D’un coût global de 7 milliards F CFA (la valeur du terrain non comprise) le financement est assuré par l’État et son partenaire Marena Gold Burkina. La capacité d’affinage sera de 149 tonnes par an pour un titre de 99,99%. La raffinerie sera approvisionnée par trois principales sources : l’or de production artisanal et semi mécanisée au plan national; l’or de production industrielle (grandes et petites mines) ; l’or importé de la sous-région ou d’autres régions du monde.

Il convient cependant de relever qu’au regard du retard observé dans l’exécution des travaux, le Gouvernement a pris l’initiative de réévaluer ses engagements avec son partenaire MARENA GOLD BURKINA en vue d’accélérer la réalisation du projet.

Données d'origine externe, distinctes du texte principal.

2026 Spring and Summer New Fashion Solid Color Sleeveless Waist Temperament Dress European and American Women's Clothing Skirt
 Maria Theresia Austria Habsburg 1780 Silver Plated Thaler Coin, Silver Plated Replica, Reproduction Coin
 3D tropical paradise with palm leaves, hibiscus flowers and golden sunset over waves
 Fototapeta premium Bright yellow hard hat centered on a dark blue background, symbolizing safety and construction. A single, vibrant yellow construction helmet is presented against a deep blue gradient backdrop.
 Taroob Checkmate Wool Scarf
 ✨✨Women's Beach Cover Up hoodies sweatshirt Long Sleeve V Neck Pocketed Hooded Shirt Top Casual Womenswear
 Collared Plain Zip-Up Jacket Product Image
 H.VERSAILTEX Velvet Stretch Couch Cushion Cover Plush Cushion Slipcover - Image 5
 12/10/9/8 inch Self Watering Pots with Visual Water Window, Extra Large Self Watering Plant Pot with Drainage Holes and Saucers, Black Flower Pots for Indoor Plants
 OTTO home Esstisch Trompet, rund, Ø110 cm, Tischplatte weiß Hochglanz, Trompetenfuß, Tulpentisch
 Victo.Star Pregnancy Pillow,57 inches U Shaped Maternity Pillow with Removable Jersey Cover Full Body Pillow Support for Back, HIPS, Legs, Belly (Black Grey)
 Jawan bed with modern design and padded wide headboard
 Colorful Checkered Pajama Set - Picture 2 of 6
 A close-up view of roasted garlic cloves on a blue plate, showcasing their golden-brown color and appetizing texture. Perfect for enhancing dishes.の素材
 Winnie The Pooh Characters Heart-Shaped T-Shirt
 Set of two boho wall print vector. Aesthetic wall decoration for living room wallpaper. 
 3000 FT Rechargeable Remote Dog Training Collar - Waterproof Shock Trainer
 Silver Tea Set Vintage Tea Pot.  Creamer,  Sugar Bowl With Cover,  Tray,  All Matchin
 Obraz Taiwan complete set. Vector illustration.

Qu’en est-il du projet de transformation des résidus miniers ?

Nonobstant le développement de l’industrie extractive au Burkina Faso, l’on relève toujours des maillions essentiels manquants dans la chaine des valeurs. En effet, pendant que les sociétés minières au Burkina Faso génèrent plusieurs tonnes de résidus, il n’y a aucune entreprise spécialisée dans l’extraction de métaux précieux à partir des résidus miniers sur le territoire national.

Ces résidus sont exportés hors de notre pays pour traitement avec ce que cela peut comporter en termes de manque à gagner pour l’État. Il vous souviendra sans doute, “l’affaire dite de « charbon fin » qui a défrayé la chronique depuis quelques années.

Et comme vous le savez bien, notre pays s’est engagé dans la voie de l’affirmation de sa souveraineté dans tous les domaines y compris celui du secteur minier. Aussi, est-il apparu nécessaire de trouver une solution au niveau national pour récupérer les métaux qui se trouvent dans les résidus miniers de type charbon fin, scories, cendres et concentré acidique.

C’est alors que l’État en partenariat avec le secteur privé national a développé le projet de traitement des résidus miniers porté par la société GOLDEN HAND SA.

D’une capacité de traitement d’environ 1 000 tonnes de résidus/an, ce projet ambitionne d’apporter des solutions novatrices de traitement de résidus miniers de types charbon fin, scories, cendres contenant des métaux précieux.

Elle est approvisionnée à partir des résidus des sociétés minières industrielles. Elle a également vocation à importer des résidus des sociétés minières étrangères pour traitement.

Le gouvernement est en train de constituer des réserves d’or. Pouvez-vous nous en dire plus ?

La constitution de la réserve d’or s’inscrit dans le cadre de la mise en œuvre du Plan d’Action pour la Stabilisation et le Développement (PA-SD) adopté par Gouvernement en 2022. Il est l’instrument d’opérationnalisation de la politique nationale de développement durant la période de la Transition. Il prévoit des activités majeures dans le secteur minier qui visent à développer un secteur industriel et artisanal compétitif, à forte valeur ajoutée et créateur d’emplois décents ».

Le gouvernement s’atèle à la définition d’un cadre juridique et institutionnel approprié pour sa constitution et sa gestion.

L’approvisionnement de la réserve d’or peut provenir plusieurs sources dont l’or de production artisanale et semi-mécanisée au plan national ; l’or de production industrielle (grandes et petites mines) ; l’or importé de la sous-région ou d’autres régions du monde ; l’or affiné en provenance de raffineries nationales ; l’or produit dans les unités de traitement des résidus miniers et l’or confisqué au profit de l’État.

Pour terminer, je dirai que la maîtrise des quantités d’or issues de l’Exploitation minière artisanale et à Petite échelle (EMAPE) constitue un défi majeur pour notre pays. Pour relever ce défini il est plus que nécessaire d’articuler une vision claire et de développement une synergie d’actions entre les acteurs. Les quantités d’or collectées à ce jour par la SONASP démontre à souhait que le potentiel est réel mais qu’il convient de travailler à alléger les contraintes de la chaine formelle de commercialisation de l’or afin de créer les conditions d’un commerce responsable de l’or.